Les députés français et européens saisissent la justice
Une arnaque géante au nez et à la barbe de la France et de l’Europe qui n’a pas manqué de faire réagir. Le jour de la publication de l’enquête de L’Opinion, Matthias Renault, député de la Somme, dénonce dans un courrier destiné à Laure Beccuau, procureure de la République de Paris «l’existence de faits pouvant constituer une infraction, et ce comme le prévoit l’article 40 du Code de procédure pénale». Matthias Renault souligne ainsi le fait que la certification halal appliquée à une large liste de produits exportés de France vers l’Algérie, «très au-delà des recommandations religieuses en la matière», étant payante, «le système ainsi mis en place, obligatoire pour l’export, s’apparente à un droit de douane entravant la concurrence».

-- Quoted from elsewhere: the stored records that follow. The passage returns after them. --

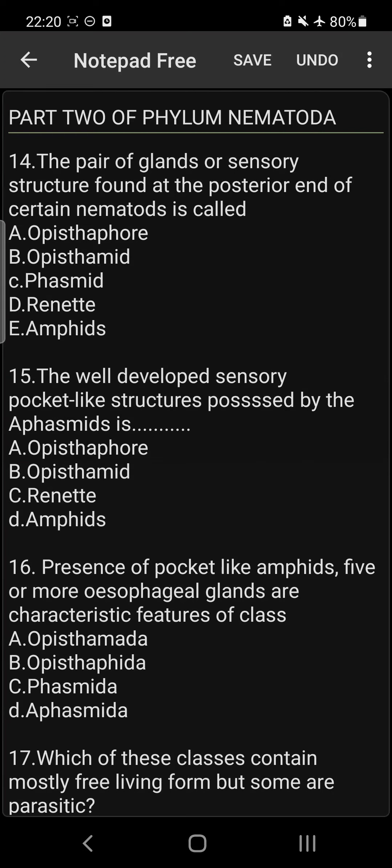Question 15: The well-developed sensory pocket-like structures found in the Aphasmida class are called Amphids. D is the answer: Amphids.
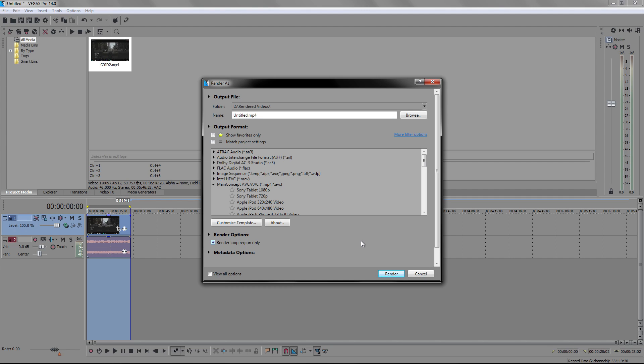I hope this video was helpful. If it is, give it a thumbs up. It shows other people that it was useful. Leave a comment on what you think, and I will see you in my next video, which will probably be the render video. The best render settings.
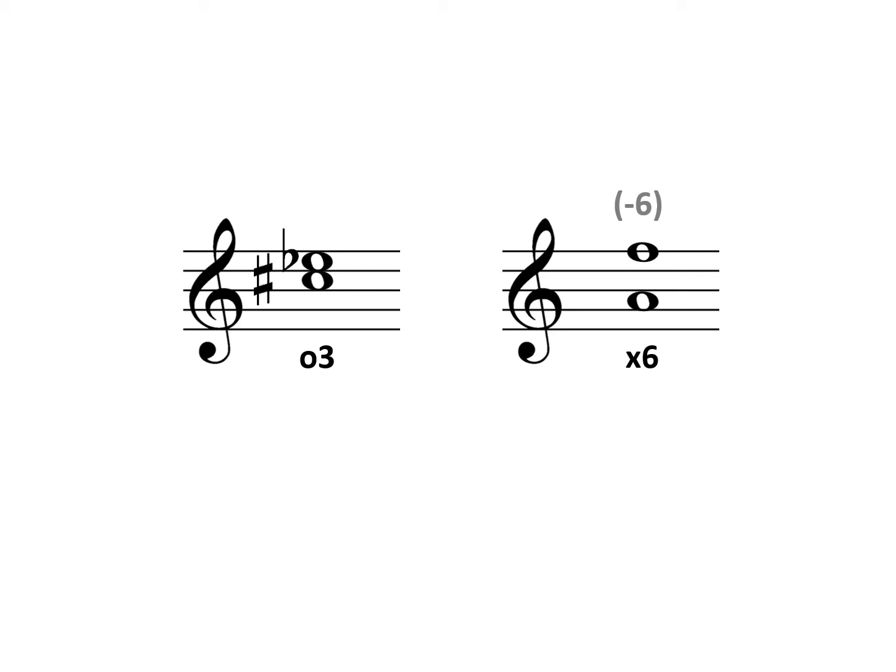Now we need to adjust the lower note with accidentals to make the quality augmented. An augmented sixth is a whole step larger than a minor sixth, and so we'll need to lower that bottom note with a double flat.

Le député de la Somme interpelle donc la procureure de la République de Paris sur le fait que «ce système pourrait relever de l’extorsion au sens de l’article 312-1 du Code pénal».
Du côté des eurodéputés, l’heure est aussi à la mobilisation. Ainsi, Français-Xavier Bellamy, membre du groupe Patriotes pour l’Europe (PPE) au Parlement européen, a-t-il dénoncé à son tour sur son compte X «ce système qui impose des millions d’euros par an aux agriculteurs et aux industriels dans nos pays, et pose, dans le contexte actuel, un vrai problème de sécurité». L’eurodéputé a annoncé saisir «la Commission européenne, chargée du fonctionnement du marché intérieur, pour qu’elle y mette fin sans délai». Celui-ci a également partagé sur le réseau social la question avec demande de réponse écrite adressée à ladite commission.

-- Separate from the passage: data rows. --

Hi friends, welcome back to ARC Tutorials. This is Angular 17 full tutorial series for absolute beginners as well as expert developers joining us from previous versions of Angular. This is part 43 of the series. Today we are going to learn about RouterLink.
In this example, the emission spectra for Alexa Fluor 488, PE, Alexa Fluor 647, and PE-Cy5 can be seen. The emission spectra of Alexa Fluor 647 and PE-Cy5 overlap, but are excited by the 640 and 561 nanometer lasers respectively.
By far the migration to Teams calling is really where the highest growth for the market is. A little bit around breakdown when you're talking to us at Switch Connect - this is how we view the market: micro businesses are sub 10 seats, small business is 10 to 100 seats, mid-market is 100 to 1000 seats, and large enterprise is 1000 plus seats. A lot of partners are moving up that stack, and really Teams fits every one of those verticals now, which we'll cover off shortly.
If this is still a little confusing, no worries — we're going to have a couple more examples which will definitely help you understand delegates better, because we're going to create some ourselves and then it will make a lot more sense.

Revenant sur les faits divulgués par L’Opinion, l’eurodéputé déclare que «ce monopole d’une entreprise privée est d’évidence totalement injustifiable au regard du droit européen. La tarification imposée permet d’estimer un coût de plusieurs millions d’euros annuels pour les agriculteurs et l’industrie européenne. Sans aucune valeur ajoutée ni même acte réel de certification, ce prélèvement devient une rente disponible sans contrôle», dénonce-t-il, rappelant qu’à l’heure où le gouvernement algérien, lié à la Grande Mosquée de Paris, «multiplie les menaces et les actes d’hostilité envers la France, l’existence de ce financement est également un enjeu de sécurité préoccupant».
Et de poser la question suivante: «La commission européenne, garante de la transparence des échanges commerciaux avec l’UE, a-t-elle enquêté sur cette distorsion manifeste, et sur ses conséquences? Connaît-elle l’usage qui est fait de ces fonds?».
Enfin, François-Xavier Bellamy demande dans cette question écrite à connaître les conclusions tirées par la commission à l’issue de sa réunion à la Grande Mosquée de Paris sur ce sujet le 11 décembre. «La commission compte-t-elle mettre fin à ce dispositif?», interroge-t-il enfin.